10/16/2013 06:51 pm ET | Updated Dec 16, 2013

It was a cornucopia of plays yesterday in Washington, D.C, as lawmakers and pundits alike did what playmakers do -- they positioned, re-positioned and de-positioned their agendas and competitors in the highly-rated reality of the budget-debt-default drama. If only we knew, however, which foes were in the fight, compromisers or new-age confederates. Here's a sampling from the cheap seats:

BOEHNER'S TWO-FER: Flanked by his deputies, House Speaker John Boehner strode to the microphone cluster to announce not much but to steal a page from the Democrat's playbook -- that all he's seeking is fairness. Fairness, fairness, fairness was his word of the day. His plays, as seen through The Standard Table of Influence, were two-fold: The preemptive Trump and evasive Red Herring (shown above). Fairness, of course, was the principle that Obama-Reid-Pelosi have been pushing for weeks by way of the Screen play. While it seemed that Boehner got away with his theft of the Fairness Thing his prop failed to distract the wonks from his more obvious problem -- that his Tea Party pals weren't playing ball.

PELOSI'S HAT TRICK: Minutes later, House Minority Leader Nancy Pelosi brought her own posse to the same mic stand, letting loose a trifecta of easily decoded, made-for-media plays: It's sabotage she seethed (a favorite Label). Time is money, she quipped (a Screen to amplify the tick-tock of the default clock). What this tells me is that Speaker Boehner doesn't have the votes (a Call Out to show he was posing).

OBAMA'S PAUSE For his part in the 11th-hour drama, Barack Obama stayed largely out of the fight. His play was a Pause, the strategy that tells us that the Commander-in-Chief likes the direction and dialog of the moment. One wonders if the president is thinking about the bear who's chasing two men -- it's the one closer to the bear that's likely to get eaten, and Obama's numbers, while bad, are better than Boehner's.

There were other gems to put a finer point on this infamous set-to:

DEADBEAT NATION Senator Barbara Mikulski (D-MD), never one to mince words and perhaps knowing that the average voter has never heard the phrase, "Full faith and credit," summed up the risks, that we'd be a deadbeat nation. Her play was the Label, no different than Pelosi's sabotage bite, but perhaps more meaningful to social security recipients in Silver Spring.

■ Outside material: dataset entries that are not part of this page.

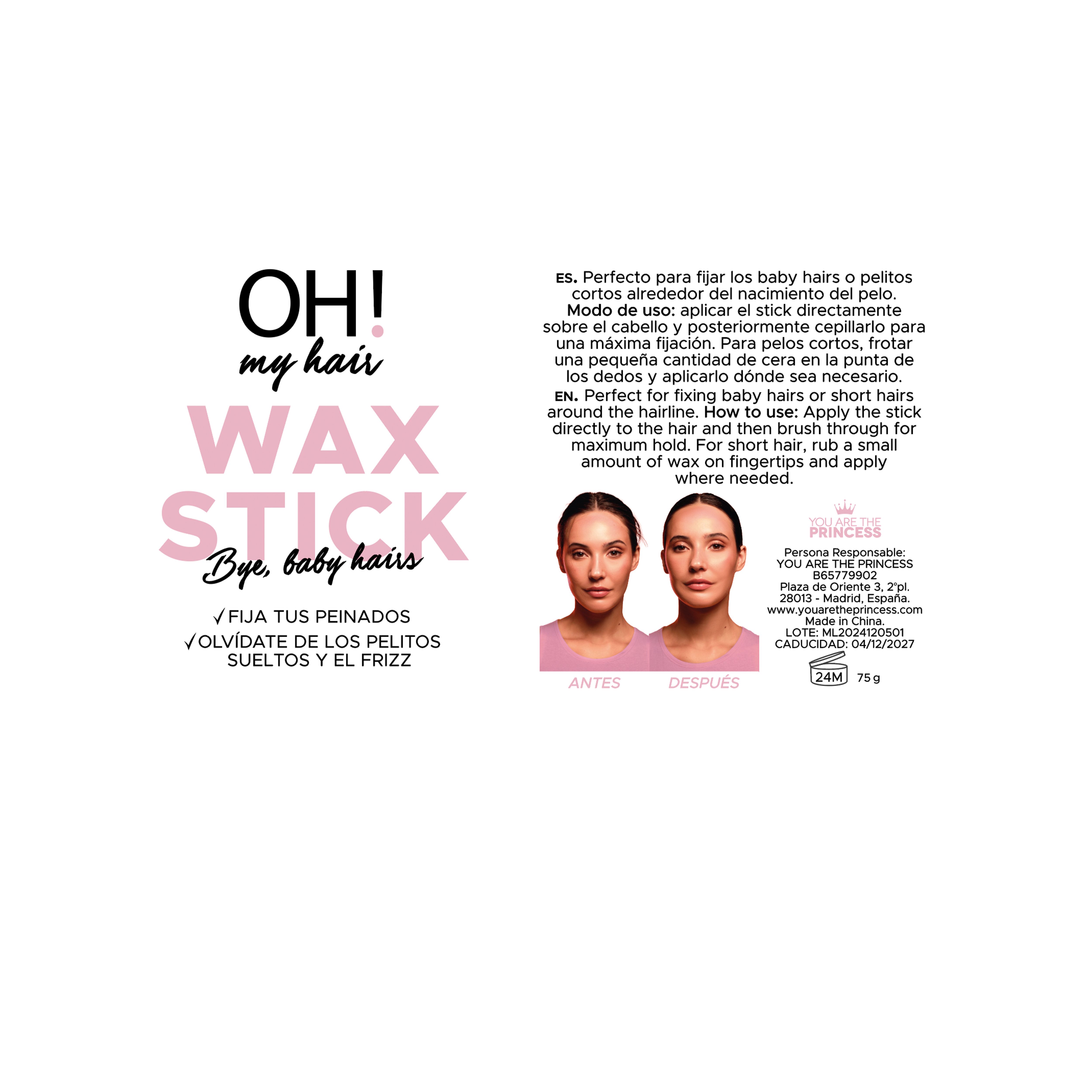 „Oh My Hair Wax Stick“ plaukų formavimo purškiklis Plaukų vaškas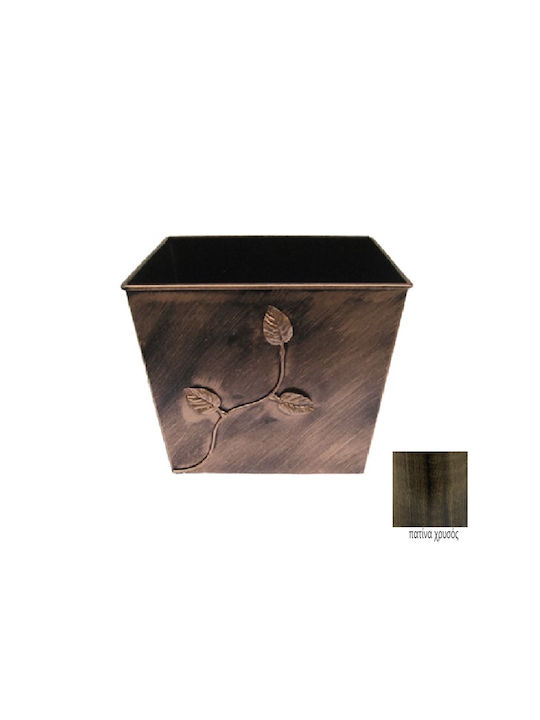 GTMED Metallic Box Wood Storage 46x40x37cm Gold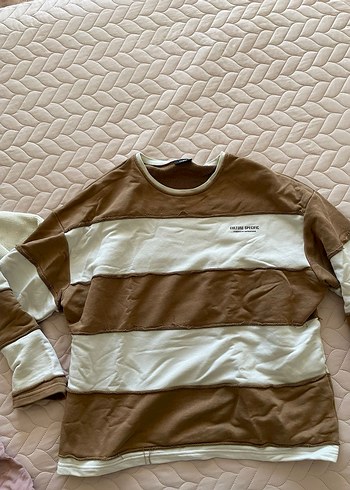 xxl Beden Kahverengi Pamuklu Sweatshirt
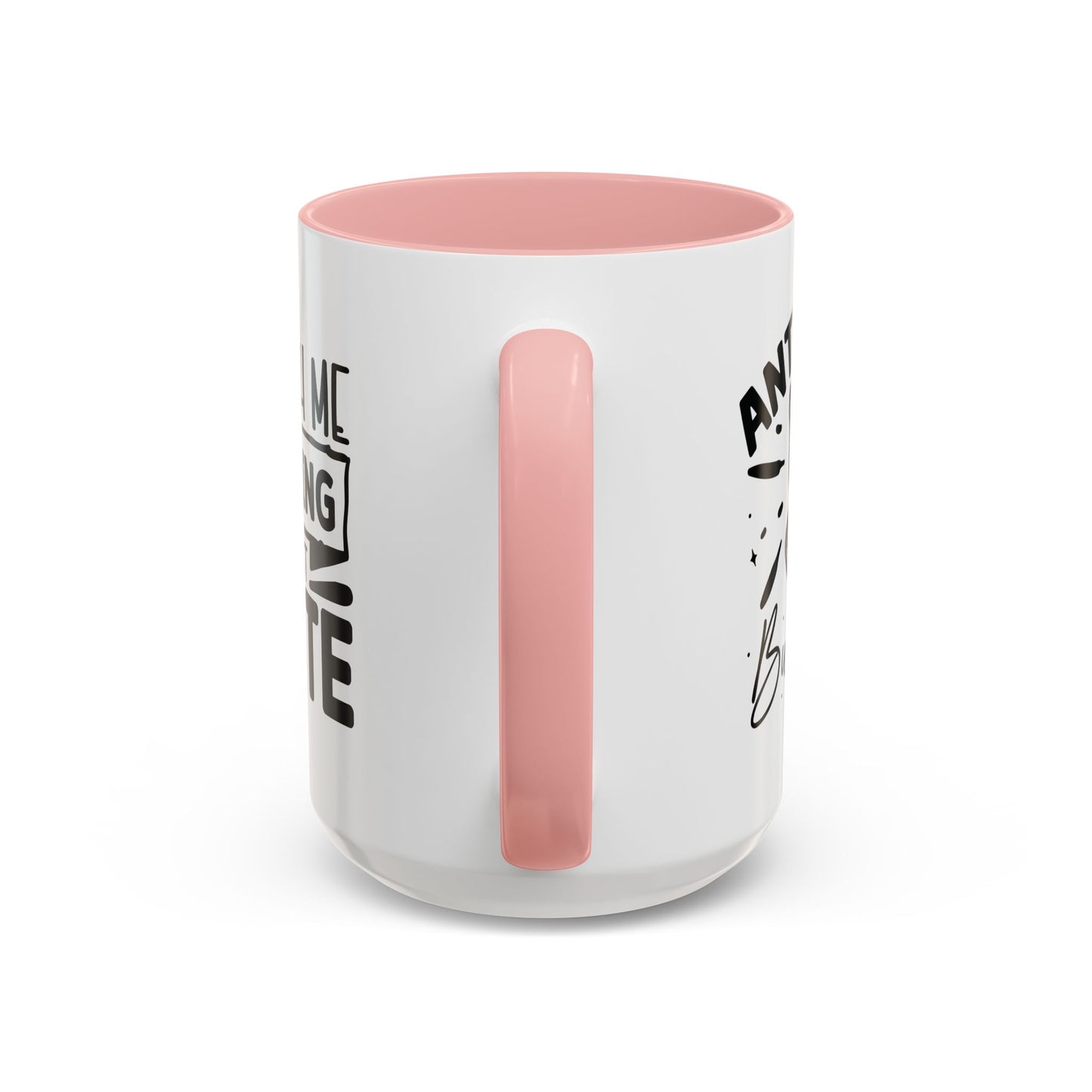 Coffee Mug, Funny Mug with Anti Social Butterfly and Don't Rush Me Designs, Office Mug, White Mug with Colorful Handle, Cute Mug, Unique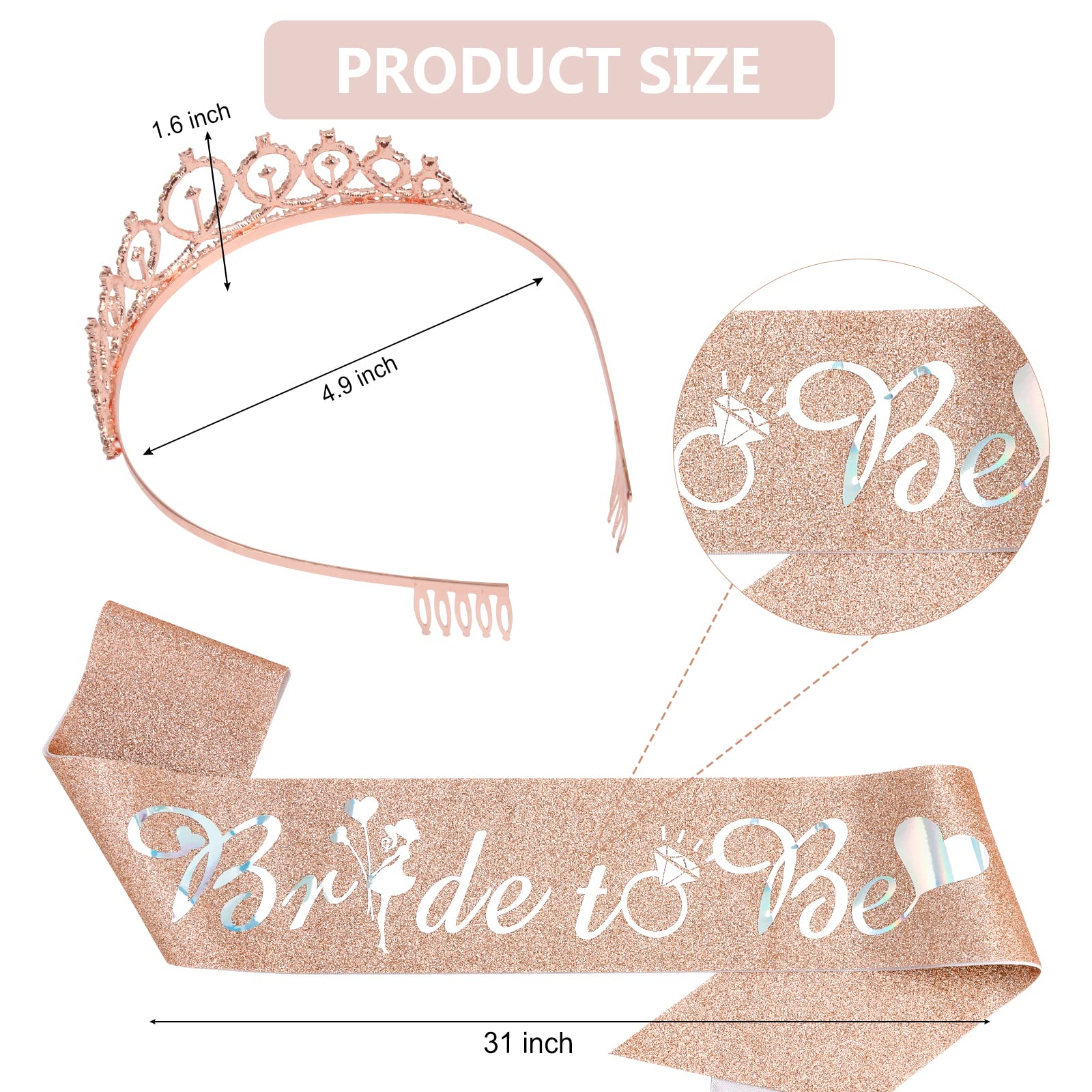 CIEHER Rose Gold Bridal Tiara & Sash Set - Elegant Bride To Be Crown & Decorations for Bridal Showers, Bachelorette Parties & Engagement Celebrations - Perfect Gift for Future Brides & Wedding Queen Vibes
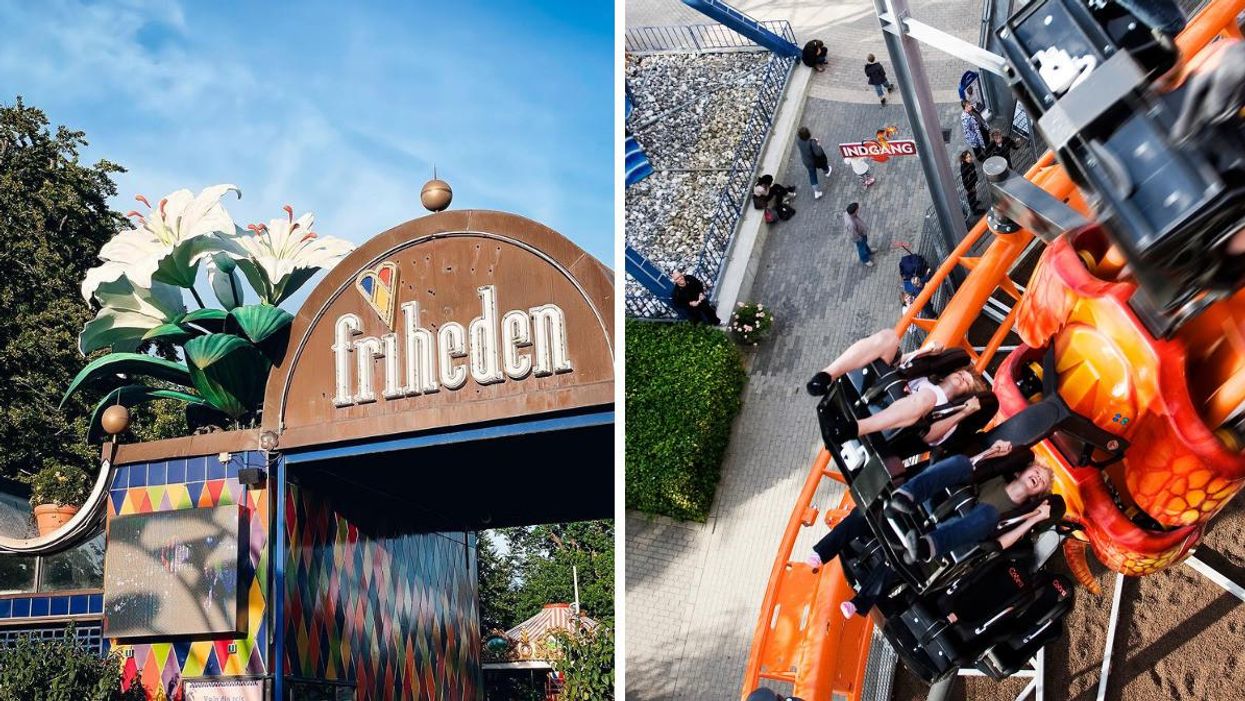 Entrance for Tivoli Friheden park. Right: riders on the Cobra rollercoaster.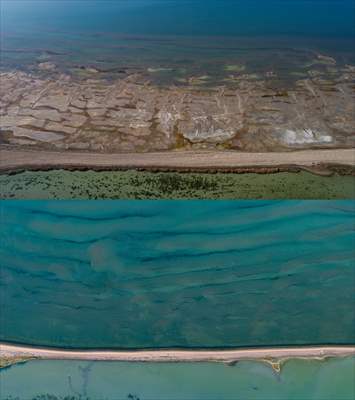 Under water areas turned into land after withdrawal of water in Lake Van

HISTORY LESSON Conservative columnist George Will, always inspired by history, and this time by his acknowledged hero, James Madison, reminded us of Madison's uncanny focus on "the purse." Asked about John Boehner's slavish commitment to his Tea Party tyrants, Will merely remarked, "He has a constituency," which translated to the commoner means he may not be right to do what he's doing, but has the right to do it. Will's plays were Screens of a high order, all to invoke the wisdom and wits that got us to this point.

SOUTH SHALL RISE Finally, we moved from the sublime to the ridiculous (or not so ridiculous) when Charlie Rangel (D-NY) said on CNN, "This is all about a handful of people who got elected as Republicans that want to bring down our government...the same way they fought as Confederates, they want to bring down the government and reform it." Whoa!, his host, Ashley Banfield, almost exploded. But the seed was planted by way of a Trial Balloon and it was further evidence that the D's are worried that in the house of Boehner there may live real traitors.

So who won the day? Clearly the Democrats. But they are fighting a two-headed foe, and while that mere fact suggests destruction for Republicans, it also means that there are two wars to fight -- one that history suggests will end in compromise, and another that history also suggests will cultivate a new kind of confederacy.